Aim of the task:
Please repeat the whole listing exactly, but leave out any picture it holds.

-------- The data --------

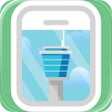 أيقونة البرنامج: Plane Factory 3D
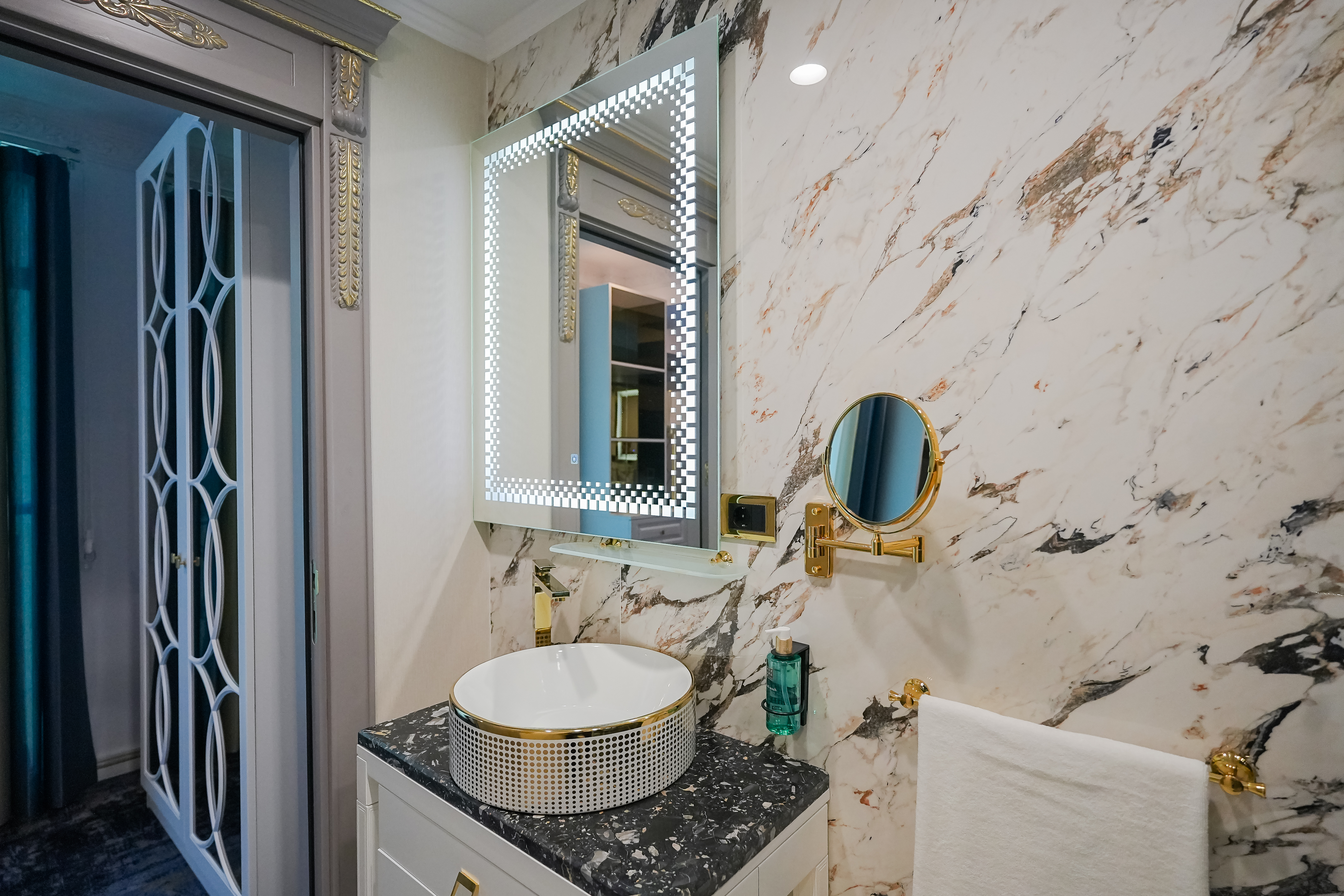 Family Room Standard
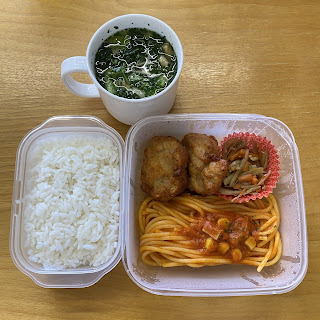 お弁当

--------

Written response:
 أيقونة البرنامج: Plane Factory 3D
 Family Room Standard
 お弁当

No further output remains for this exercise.